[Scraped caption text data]
· · · · ·
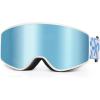 Kids Ski Goggles-dream Blue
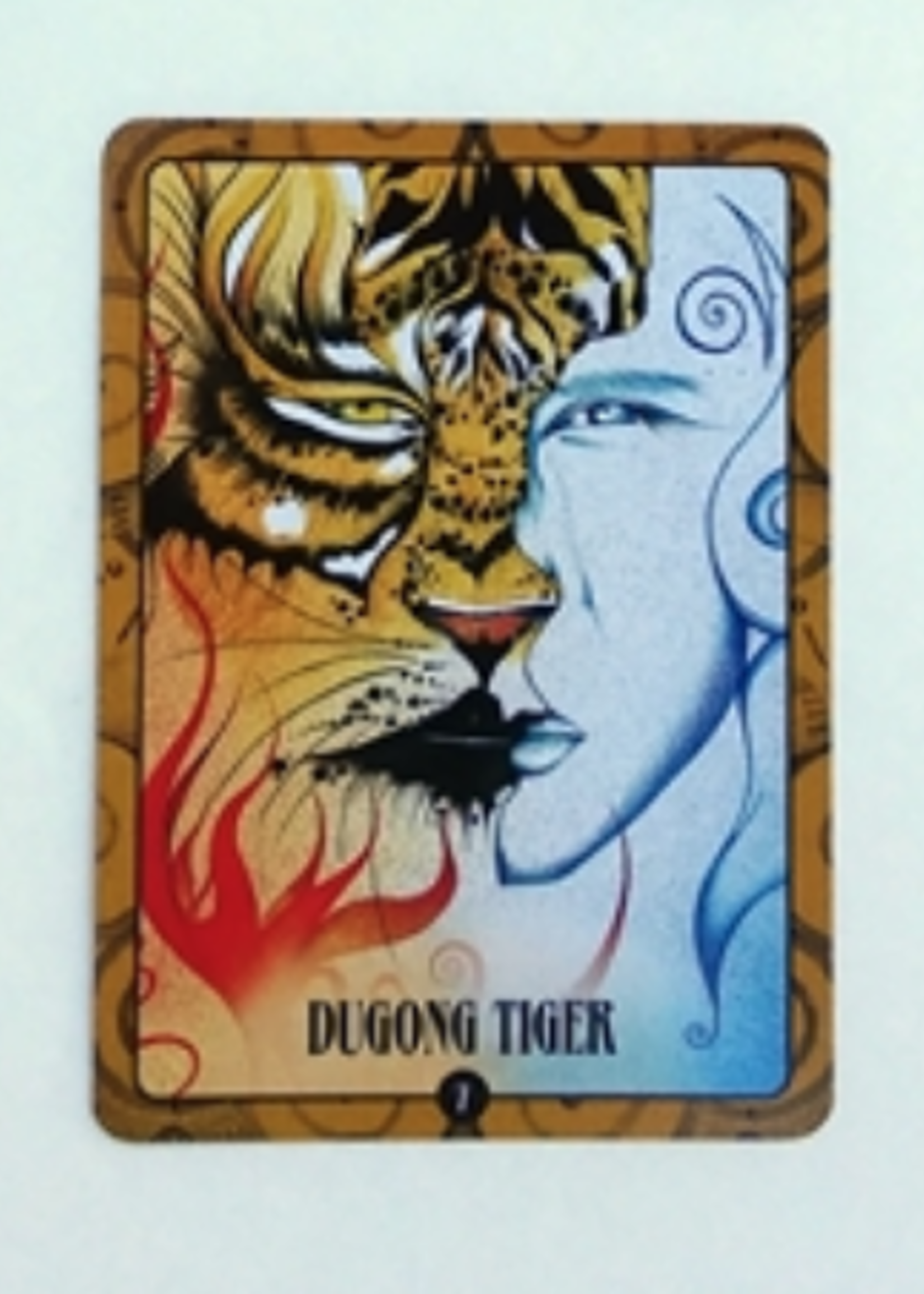 Ancient Animal Wisdom Oracle Deck - Local KC Artist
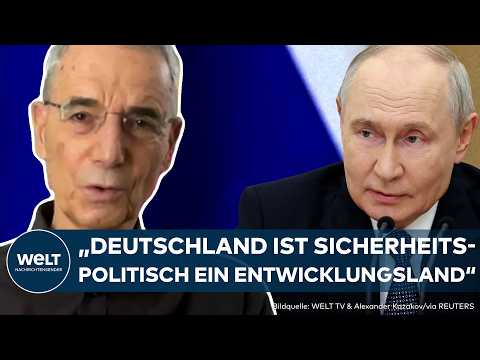 DRONE DEFENSE: "Russia is not the main issue," expert calls ...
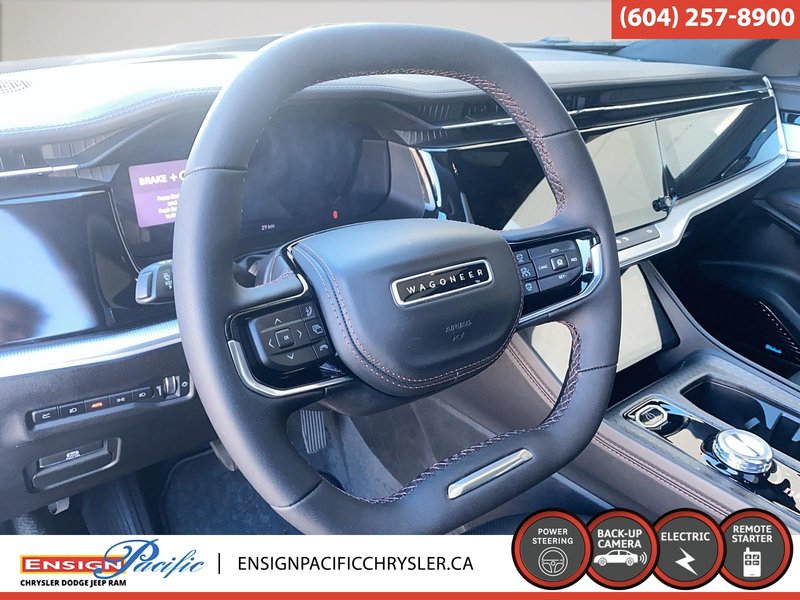 2024 Jeep WAGONEER S LAUNCH EDITION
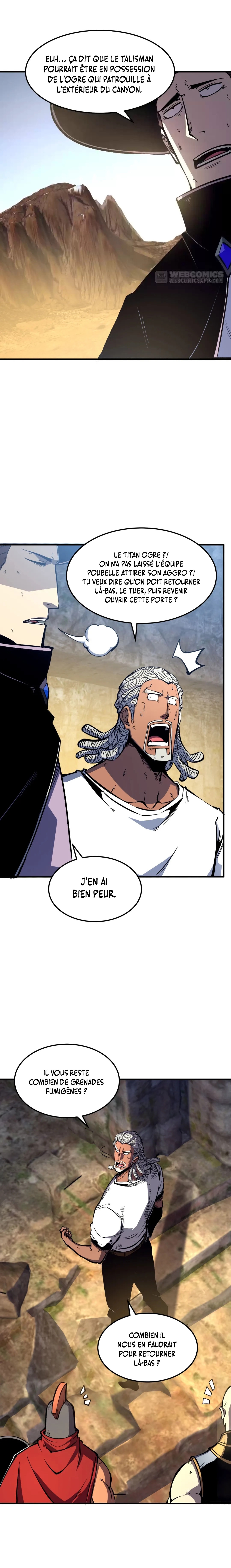 I Became The King by Scavenging Chapitre 62 - Page 12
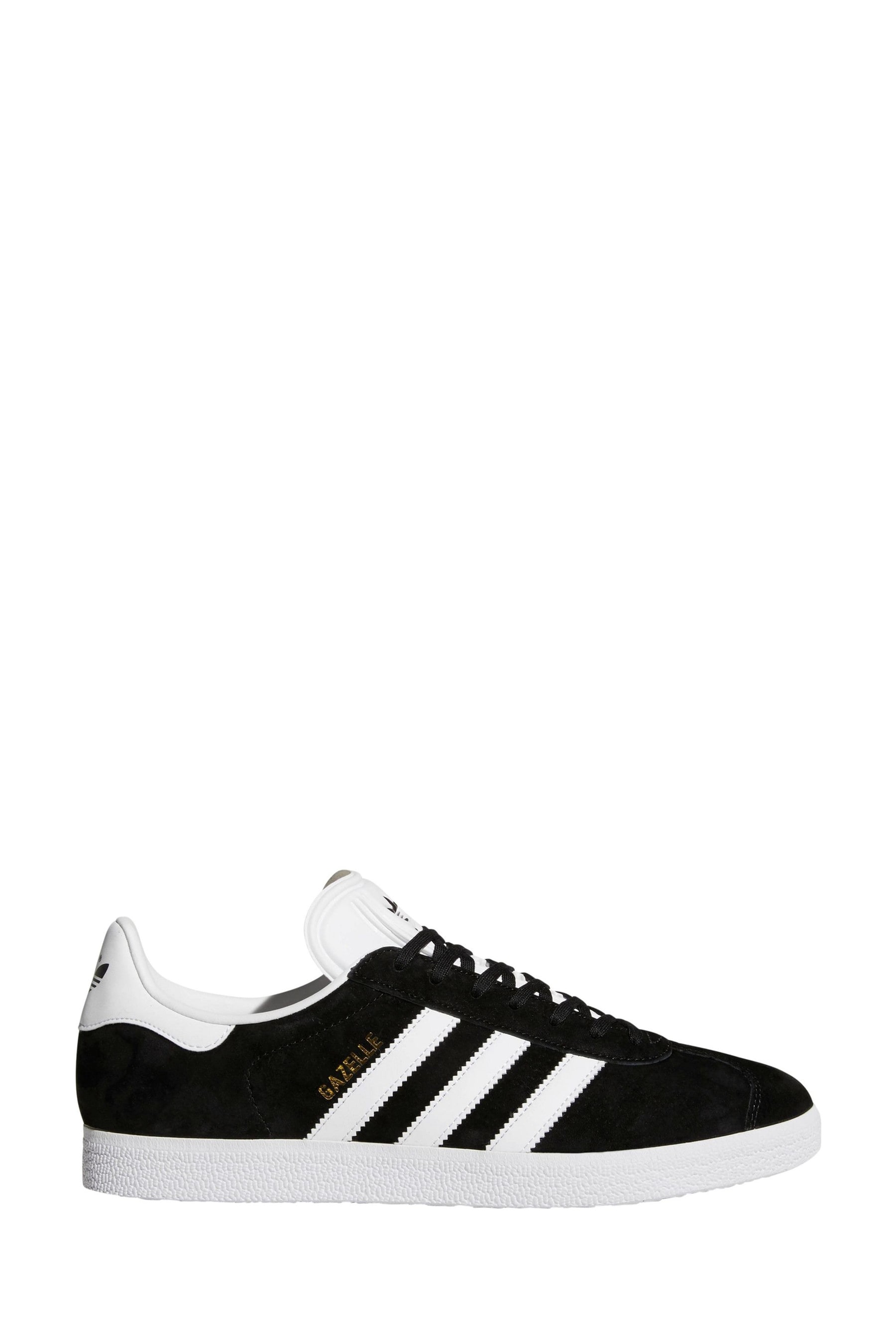 

Кроссовки adidas Originals Gazelle adidas originals, черный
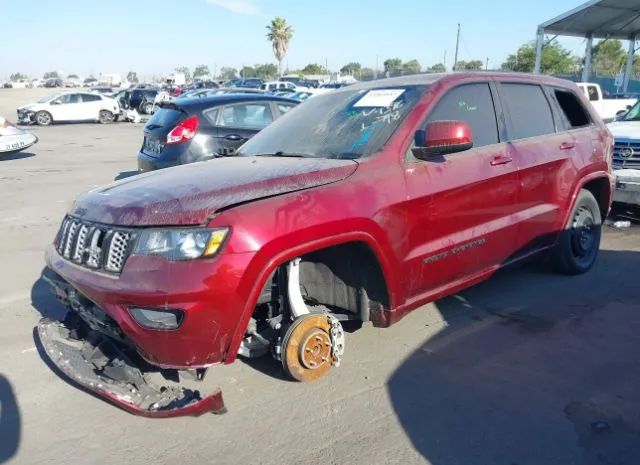 Photo 1 VIN: 1C4RJEAG4LC171396 - JEEP GRAND CHEROKEE 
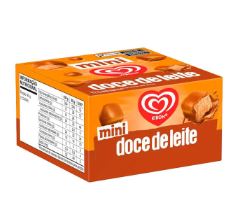 SORVETE KIBON MINI DOCE DE LEITE 92G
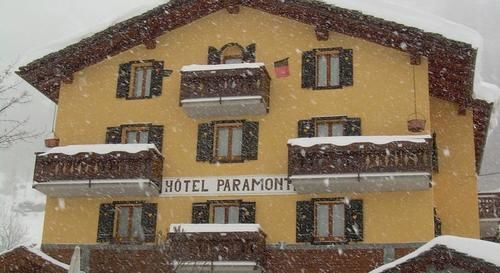 Hotel Ristorante Paramont Baulen Εξωτερικό φωτογραφία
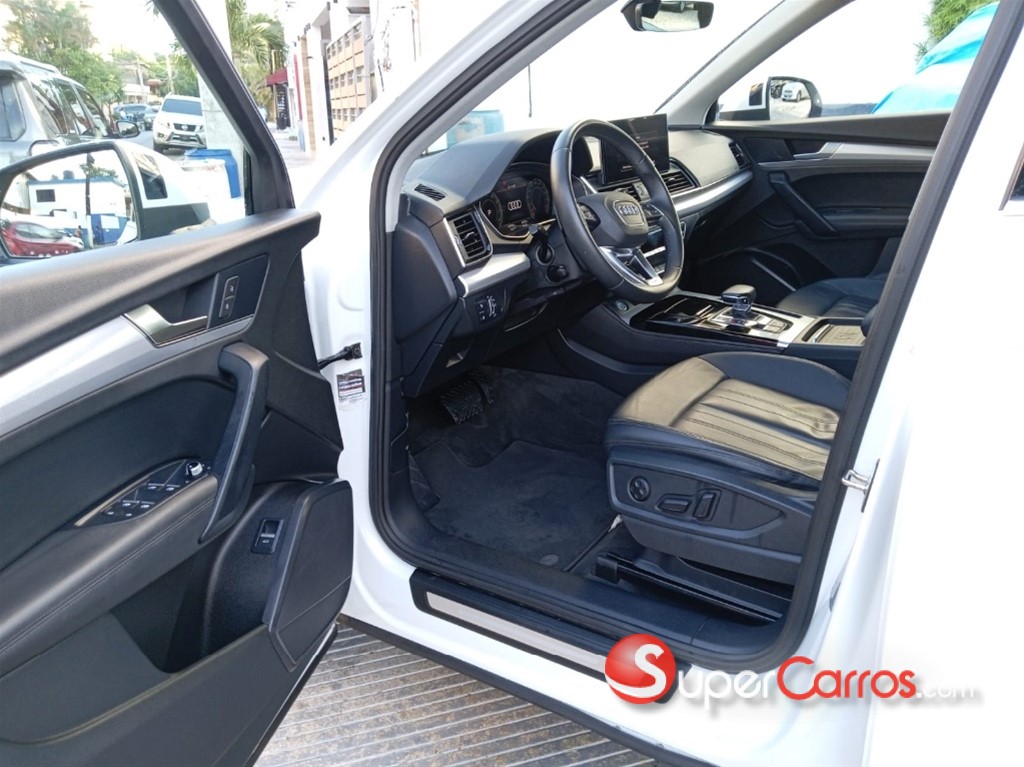 2021 Audi Q5 45 TFSI QUATTRO — foto 7 / 12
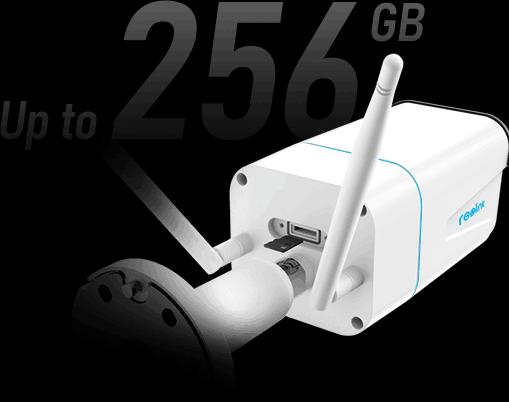Actual product image Reolink RLC-511WA (2560 x 1920 pixels)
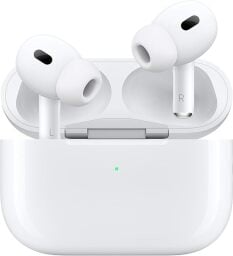 airpods and case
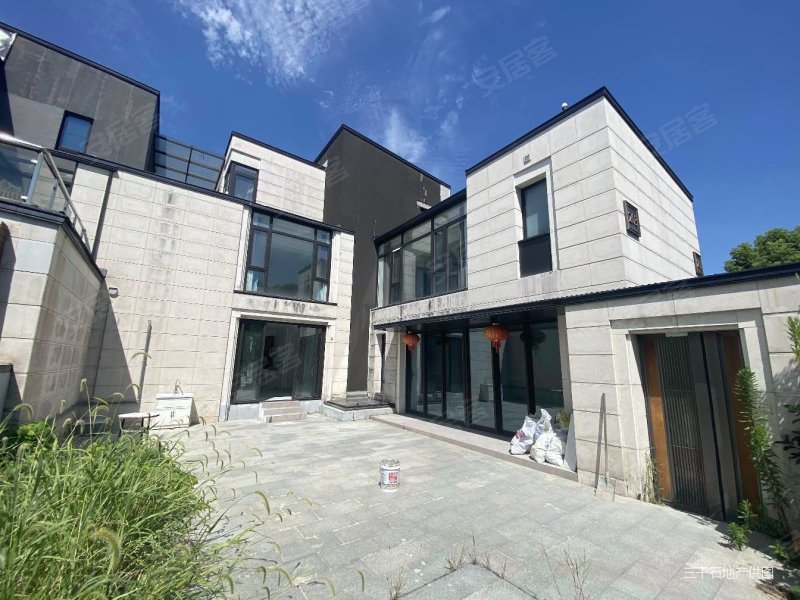 金地佘山天境别墅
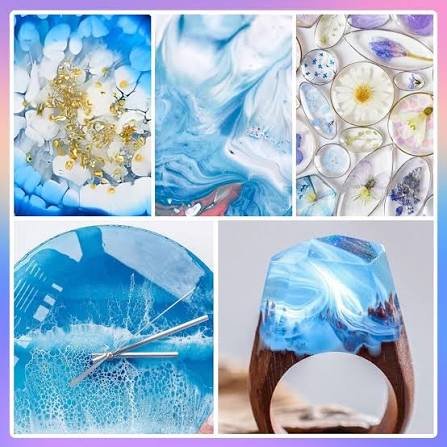 Resin Kit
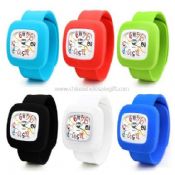Jelly silicone watch images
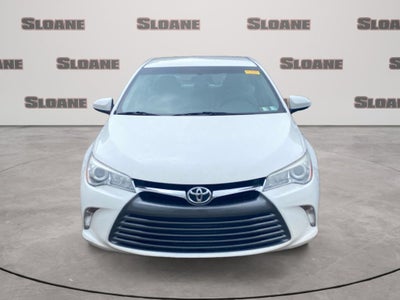 2015 Toyota CAMRY LE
· · · · ·
* [TASK INSTRUCTIONS] The lines wanted run from the line containing "Photo 1 VIN: 1C4RJEAG4LC171396" through the end of the entries; return them exactly, both ends included, and keep pictures out.

* [YOUR RESPONSE]
 Photo 1 VIN: 1C4RJEAG4LC171396 - JEEP GRAND CHEROKEE 
 SORVETE KIBON MINI DOCE DE LEITE 92G
 Hotel Ristorante Paramont Baulen Εξωτερικό φωτογραφία
 2021 Audi Q5 45 TFSI QUATTRO — foto 7 / 12
Actual product image Reolink RLC-511WA (2560 x 1920 pixels)
 airpods and case
 金地佘山天境别墅
 Resin Kit
Jelly silicone watch images
 2015 Toyota CAMRY LE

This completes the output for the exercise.